Harnessing your entrepreneurial spirit, you have decided to found a start-up. Your start-up, the first of its kind, will sell ice cream at the local beach. Every day, the beach gets N visitors which sit at specific locations on the beach. The visitors would all love to buy ice cream, but they don't like walking around in the sun. A visitor's reluctance to buy ice cream is calculated by multiplying their distance from the nearest ice cream stand by their reluctance factor: a number unique to each visitor.

You have access to M ice cream stands, which you can place anywhere on the beach. Moreover, you know where every visitor will sit and you know their reluctance factor. Since you don't want your start-up to sink, you'd like to carefully position your stands to minimize the total reluctance of all the visitors.

Can you figure out the minimum total reluctance that you can achieve?

Input Specification

The input contains 10 test cases.

Each test case starts with two integers N (1 \le N \le 4000), M (1 \le M \le 20) where N is the number of visitors and M is the number of ice cream stands. The next N lines describe the visitors coming to the beach. Each line contains two integers X and F, where X represents the locations of the visitor on the beach and F represents the reluctance factor of that visitor (1 \le X, F \le 10^6).

Visitors will be listed in ascending order of X and no two visitors will be at the same location. Since the beach is long and thin, it can be thought of as being one dimensional.

For 30\% of the cases, N \le 10.
For 60\% of the cases, N \le 100.

Output Specification

For each test case, your program should output the minimum total reluctance of all the visitors, modulo 1\,000\,000\,007, or 10^9 + 7. *

Sample Input

2 1
10 10
20 10
2 2
10 10
20 10
4 2
1 10000
100 10
150 10
200 10

Sample Output

100
0
1000

Note: Only 3 cases are shown in this sample.

Explanation of Sample Output

In the first test case, it's best to put your only ice cream stand anywhere between positions 10 and 20. If we were to put it at position 15, then each visitor would have a reluctance of 5 \times 10 = 50, for a total reluctance of 100.

In the second test case, you can perfectly accommodate both guests by putting your two carts at locations 10 and 20.

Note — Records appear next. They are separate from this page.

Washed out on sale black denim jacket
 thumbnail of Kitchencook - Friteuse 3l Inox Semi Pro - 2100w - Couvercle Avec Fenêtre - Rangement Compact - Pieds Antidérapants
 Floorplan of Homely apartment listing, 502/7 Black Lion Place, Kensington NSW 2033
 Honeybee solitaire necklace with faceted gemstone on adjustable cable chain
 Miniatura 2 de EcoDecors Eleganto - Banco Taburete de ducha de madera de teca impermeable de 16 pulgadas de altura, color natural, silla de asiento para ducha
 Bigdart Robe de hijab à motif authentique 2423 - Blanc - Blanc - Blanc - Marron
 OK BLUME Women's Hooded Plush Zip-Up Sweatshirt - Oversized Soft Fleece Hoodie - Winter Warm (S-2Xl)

In the last test case, it's best to put one cart at location 1 to appease the incredibly reluctant visitor and put your second cart at location 150.

Footnotes

* This means that if the minimum total reluctance is 999\,999\,999\,999 you should output 999\,993\,006, the remainder after dividing 999\,999\,999\,999 by 1\,000\,000\,007.

Educational Computing Organization of Ontario - statements, test data and other materials can be found at ecoocs.org


Comments


  • 1
    account_disabled  commented on April 5, 2018, 1:08 p.m. edit 3

    Can anyone give me a hint as to why the last 4 tests per case WA, whereas the first 6 get AC? Just because they are 10x the size doesnt mean they should WA, right?

    EDIT: I forgot to modulo by 10^9 + 7 :/